Les mythes sur la bisexualité et la pédophilie ou la propagation des IST

Deux mythes anciens et complètement infondés continuent de causer des torts considérables. Le premier est l’association grotesque entre bisexualité et pédophilie, un vestige de vieilles théories psychologiques désormais complètement discréditées. Il n’existe absolument aucun lien entre une orientation sexuelle consentante entre adultes et la pédophilie, qui est une pathologie et un crime. Le second mythe, évoqué précédemment, est celui de « l’agent de transmission ». Les personnes bisexuelles, et particulièrement les hommes, sont faussement accusées d’être des « ponts » qui propagent les IST (comme le VIH) de la communauté gay vers la communauté hétérosexuelle. Ce discours est non seulement stigmatisant, mais il est aussi épidémiologiquement simpliste et dangereux. Il déplace la responsabilité de la prévention sur un groupe entier plutôt que de la centrer sur les comportements individuels et l’accès aux outils de protection pour tous, indépendamment de l’orientation.

La biphobie au sein même de la communauté LGBTQIA+

L’une des expériences les plus douloureuses pour une personne bisexuelle est de subir des discriminations de la part de la communauté qui est censée lui offrir un refuge. La biphobie intra-communautaire est malheureusement une réalité. Elle se manifeste par des remarques comme « Les bi ne sont pas vraiment des nôtres, ils ont un pied dehors », « Ils profitent des privilèges hétéros quand ça les arrange », ou par l’exclusion pure et simple des espaces et discussions LGBTQIA+. Les personnes bi sont souvent accusées de ne pas être assez militantes, ou leur coming-out est accueilli avec scepticisme. Cette méfiance et ce rejet créent un profond sentiment d’isolement et de marginalisation, même au sein d’un groupe qui comprend pourtant lui-même la marginalisation. Cela peut les empêcher d’accéder à un soutien essentiel et renforcer leur sentiment de ne appartenir nulle part.

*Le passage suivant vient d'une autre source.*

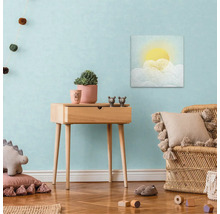 Lichte kinderkamer met houten meubels, decoraties en een schilderij aan de muur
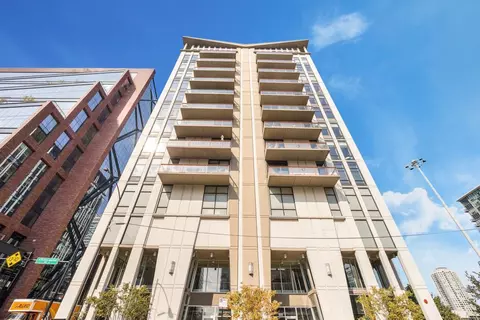 740 W Fulton St #803, Chicago, IL 60661
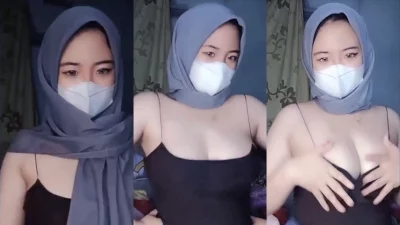Host Cantik Berhijab Remas Nenen Live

L’impact psychologique profond de la biphobie sur la santé mentale

La combinaison de tous ces facteurs – invisibilisation, stigmatisation, pression, rejet – a un impact dévastateur et documenté sur la santé mentale des personnes bisexuelles. Les études sont formelles : comparées aux personnes hétérosexuelles, mais aussi souvent comparées aux personnes homosexuelles ou lesbiennes, les personnes bisexuelles présentent des taux significativement plus élevés de troubles anxieux, de dépression, de tentatives de suicide et de consommation de substances pour y faire face. Le « stress minoritaire » – le stress chronique lié à la stigmatisation et à la discrimination – est particulièrement aigu dans leur cas en raison de cette double pression, venant à la fois de la société hétéronormative et d’une partie de la communauté LGBTQIA+. Le manque de reconnaissance et de validation, l’impossibilité de trouver un lieu d’appartenance sûr, et la nécessité constante de justifier son existence sont des fardeaux psychologiques lourds à porter, qui soulignent l’urgence de lutter contre la biphobie sous toutes ses formes.